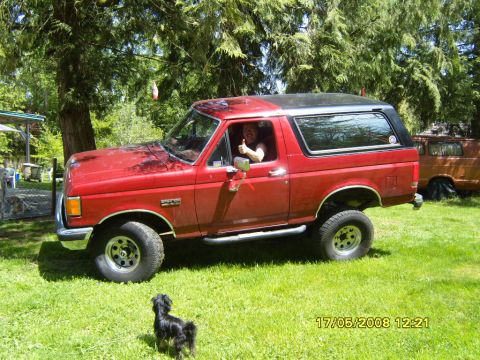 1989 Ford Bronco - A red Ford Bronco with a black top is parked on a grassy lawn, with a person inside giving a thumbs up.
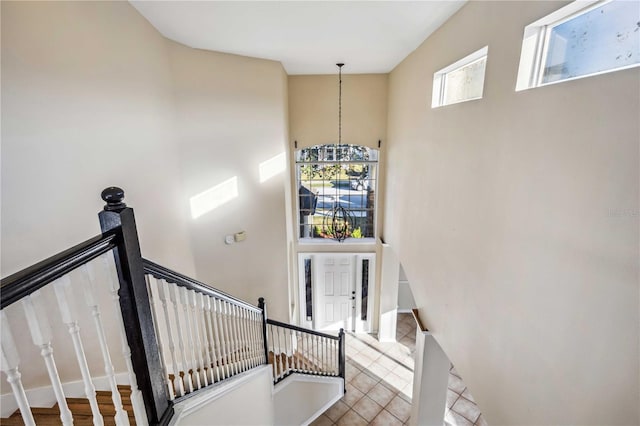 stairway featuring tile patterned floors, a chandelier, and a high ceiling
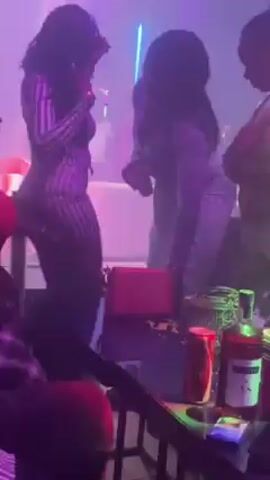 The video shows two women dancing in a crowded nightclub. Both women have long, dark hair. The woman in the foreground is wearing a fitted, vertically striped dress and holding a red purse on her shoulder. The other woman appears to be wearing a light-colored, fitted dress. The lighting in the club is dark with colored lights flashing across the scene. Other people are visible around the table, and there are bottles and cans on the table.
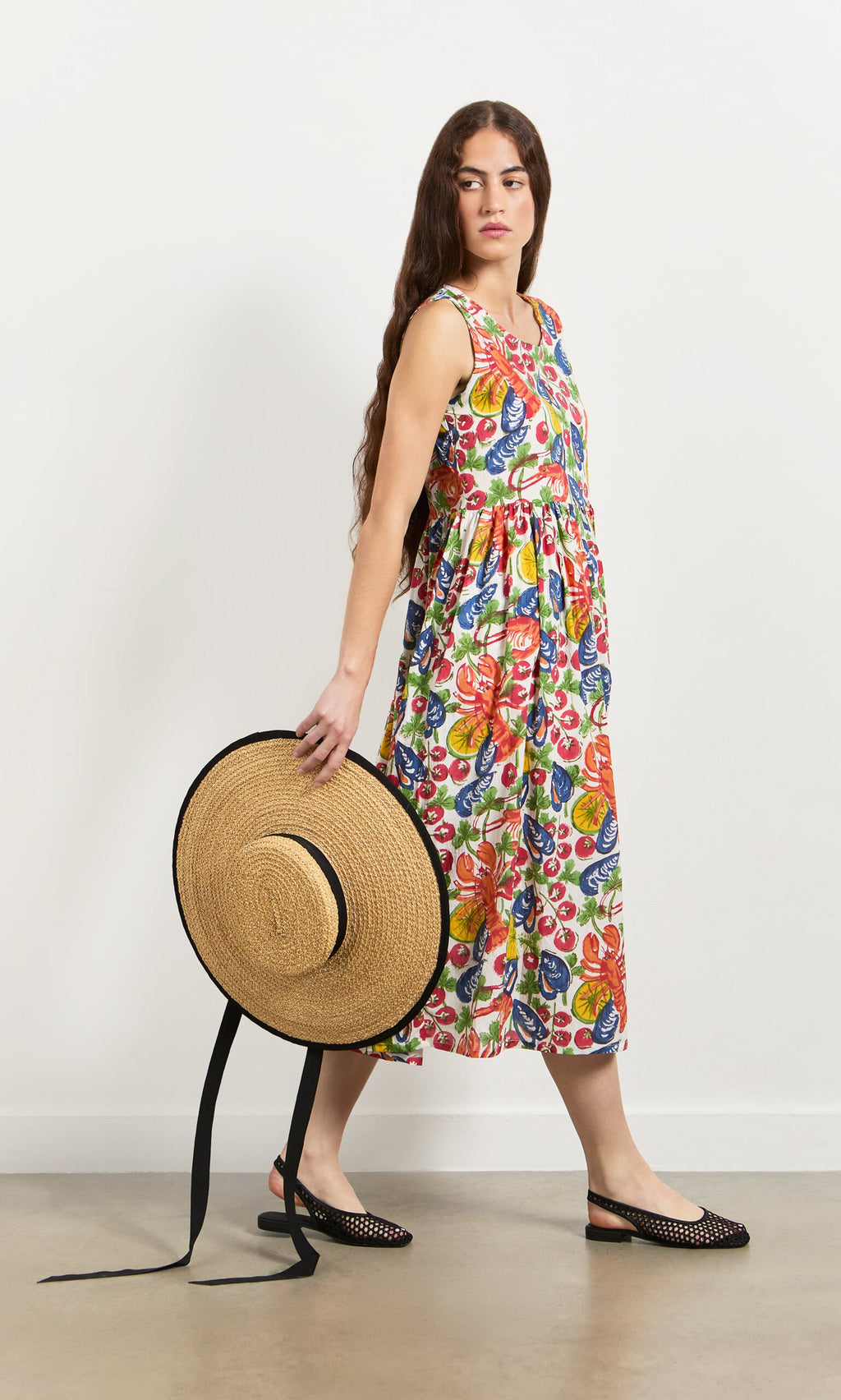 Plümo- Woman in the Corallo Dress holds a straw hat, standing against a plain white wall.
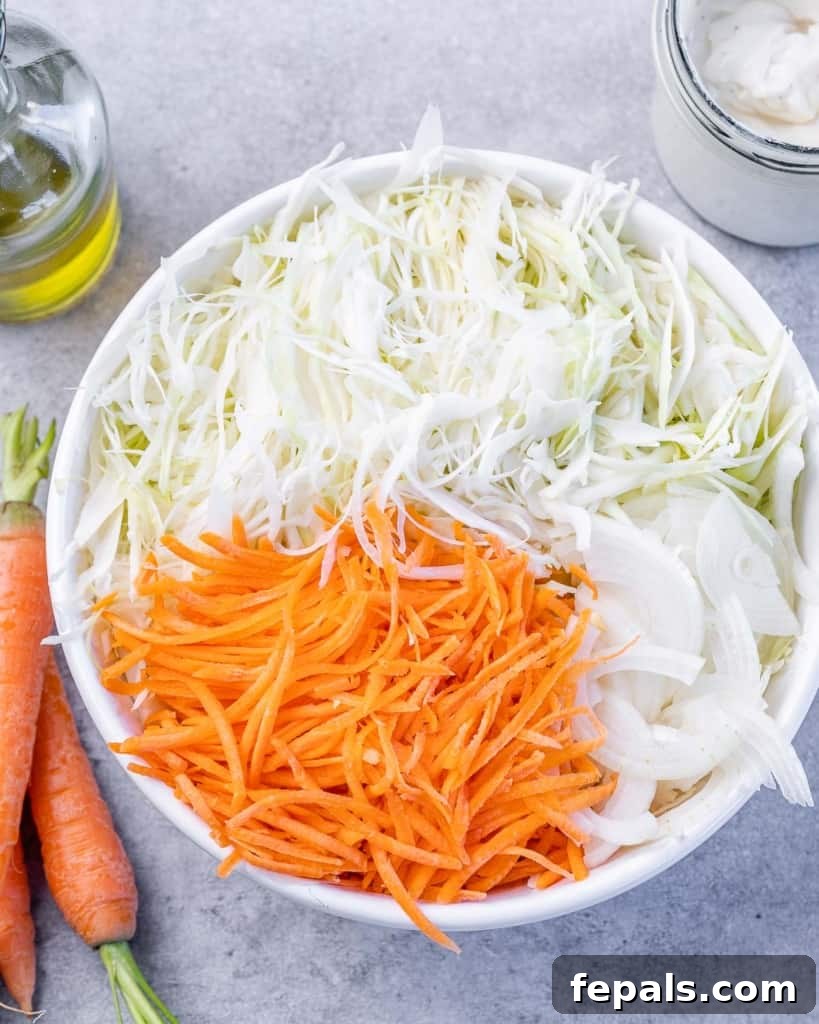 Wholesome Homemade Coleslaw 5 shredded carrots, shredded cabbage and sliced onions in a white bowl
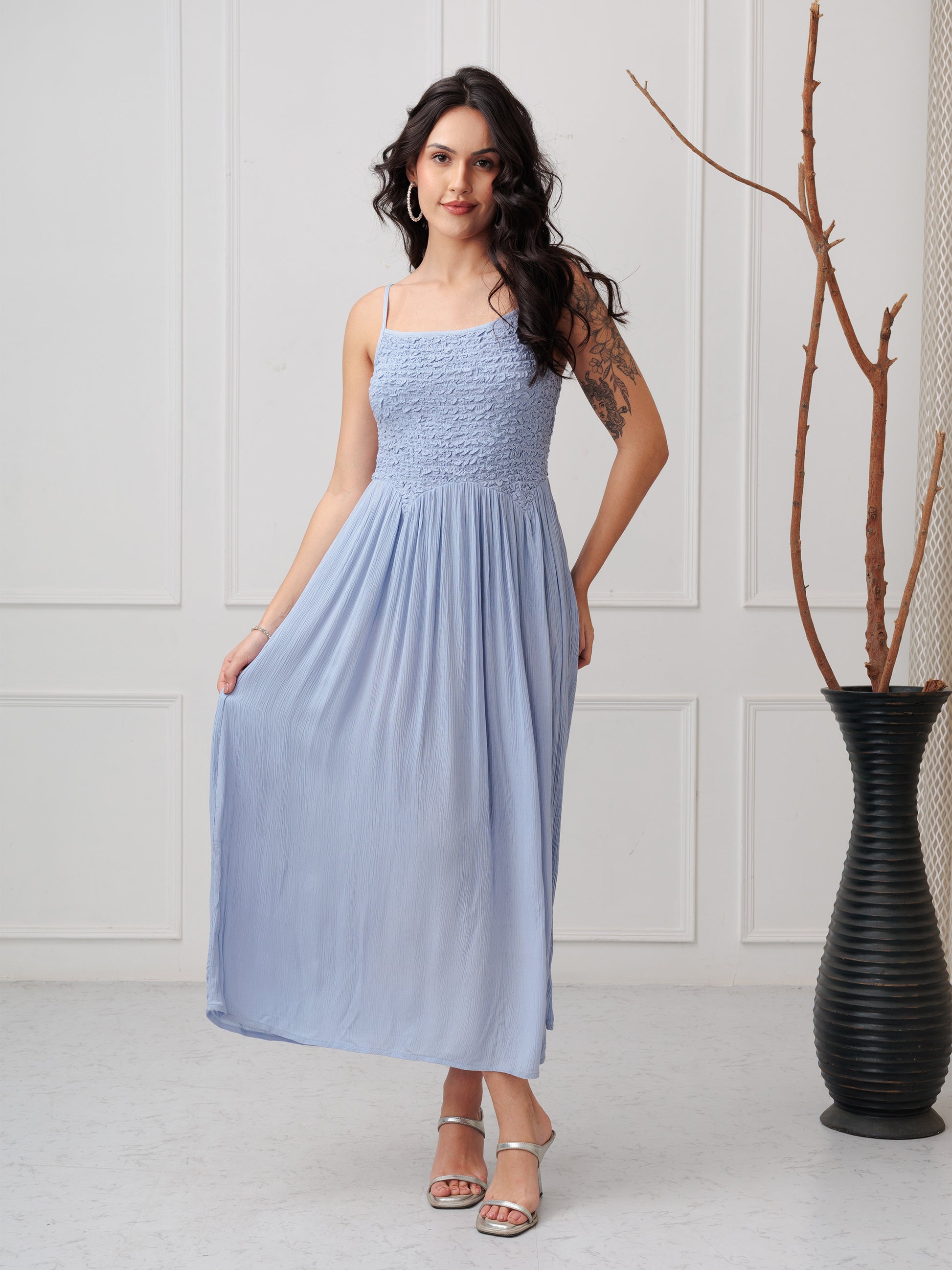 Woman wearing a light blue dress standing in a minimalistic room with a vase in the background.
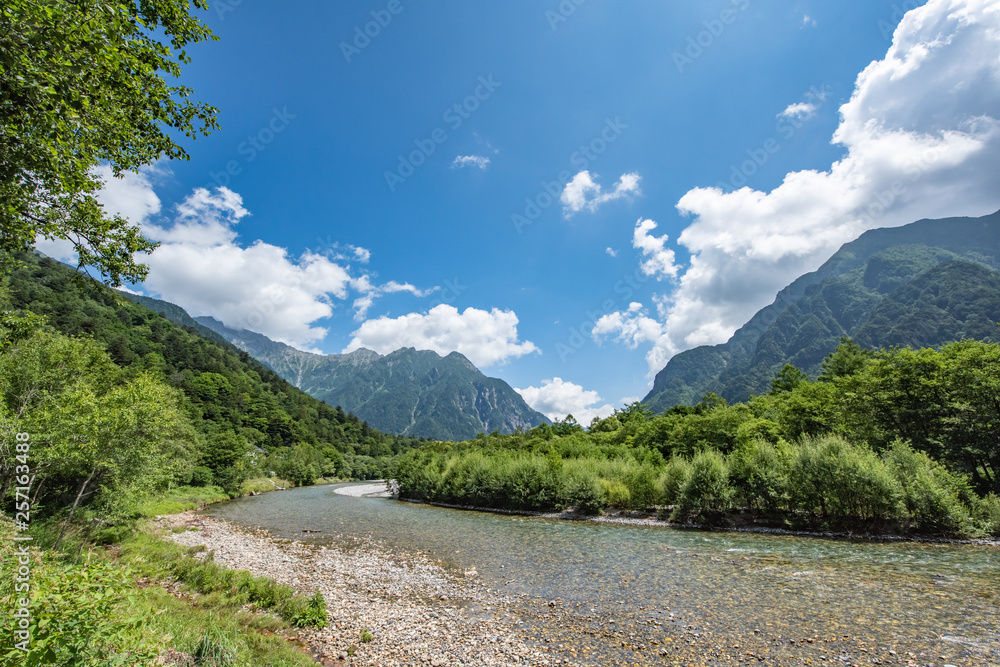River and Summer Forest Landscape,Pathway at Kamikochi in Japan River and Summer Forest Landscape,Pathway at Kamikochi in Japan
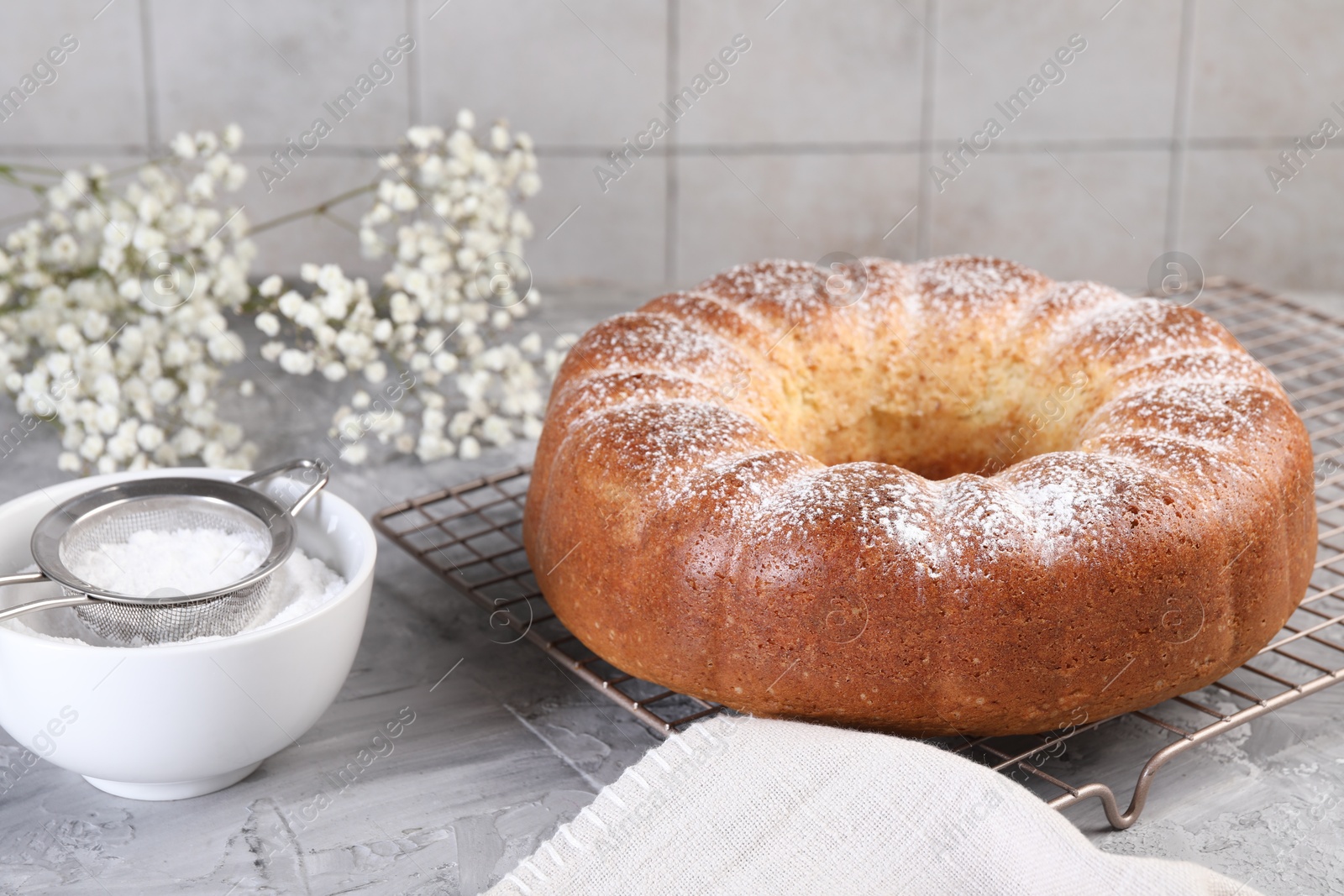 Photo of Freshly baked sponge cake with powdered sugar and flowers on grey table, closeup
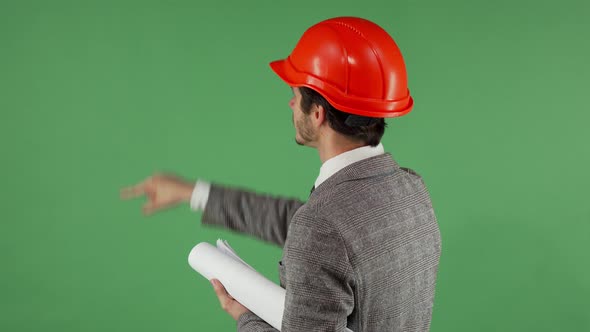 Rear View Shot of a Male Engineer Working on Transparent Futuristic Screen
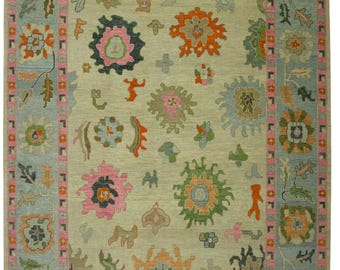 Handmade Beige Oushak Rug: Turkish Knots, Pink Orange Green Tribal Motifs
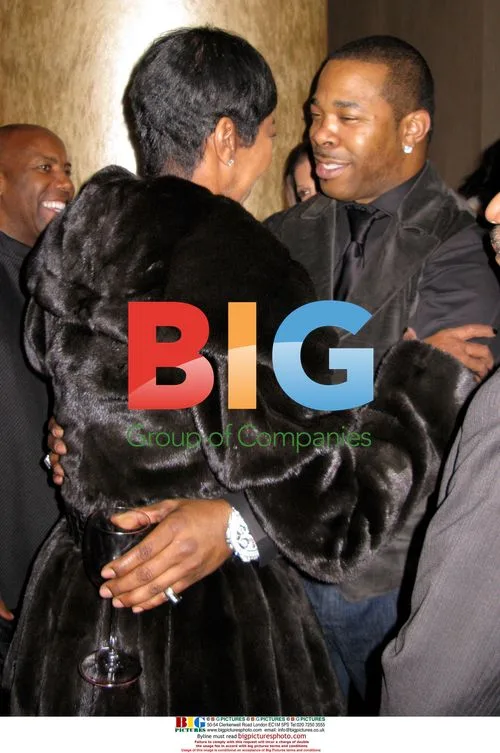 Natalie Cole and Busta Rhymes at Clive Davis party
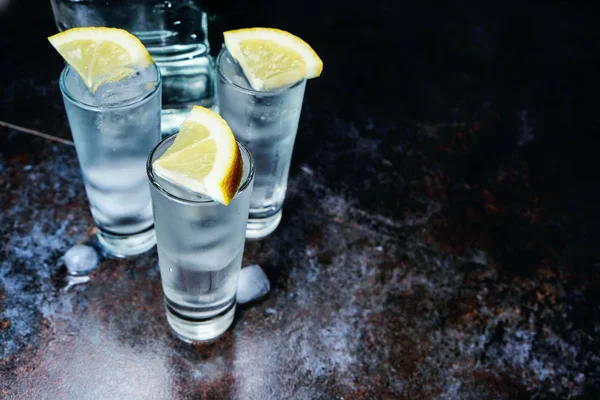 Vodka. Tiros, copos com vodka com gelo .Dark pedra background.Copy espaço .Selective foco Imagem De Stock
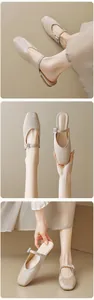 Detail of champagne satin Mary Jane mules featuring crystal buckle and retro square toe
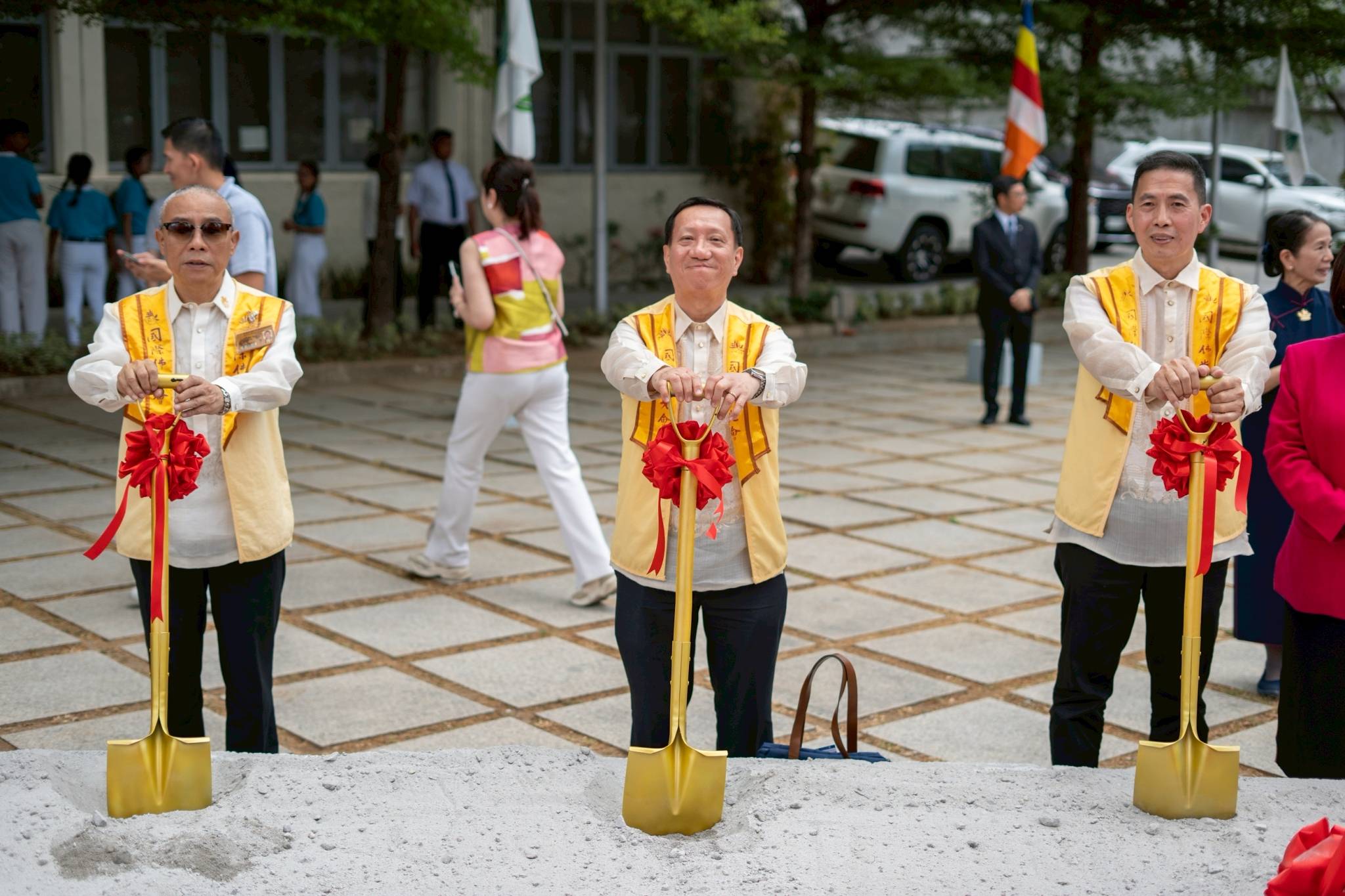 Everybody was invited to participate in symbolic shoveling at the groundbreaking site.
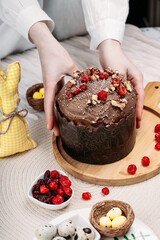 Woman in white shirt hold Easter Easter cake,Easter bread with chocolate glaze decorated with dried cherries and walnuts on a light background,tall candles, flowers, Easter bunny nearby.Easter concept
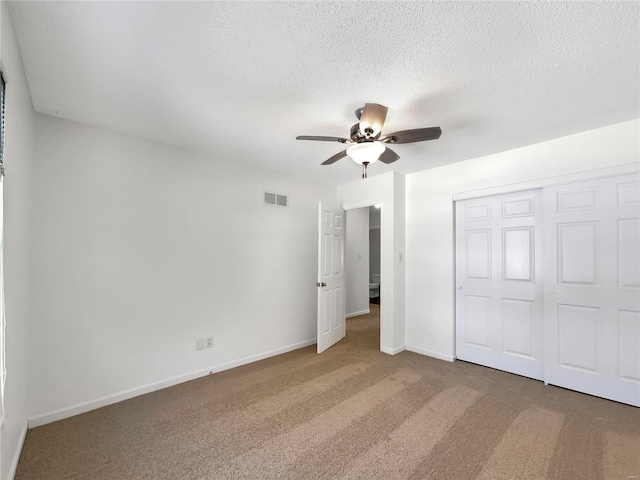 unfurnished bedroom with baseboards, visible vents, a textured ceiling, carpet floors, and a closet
^^^^^^^^
◆ Instructions to follow
Everything from the line containing "Handmade Beige Oushak" through the last line of the entries is to be output exactly as written, minus any pictures.

◆ Exercise response
 Handmade Beige Oushak Rug: Turkish Knots, Pink Orange Green Tribal Motifs
 Natalie Cole and Busta Rhymes at Clive Davis party
 Vodka. Tiros, copos com vodka com gelo .Dark pedra background.Copy espaço .Selective foco Imagem De Stock
 Detail of champagne satin Mary Jane mules featuring crystal buckle and retro square toe
 Everybody was invited to participate in symbolic shoveling at the groundbreaking site.
 Woman in white shirt hold Easter Easter cake,Easter bread with chocolate glaze decorated with dried cherries and walnuts on a light background,tall candles, flowers, Easter bunny nearby.Easter concept
 unfurnished bedroom with baseboards, visible vents, a textured ceiling, carpet floors, and a closet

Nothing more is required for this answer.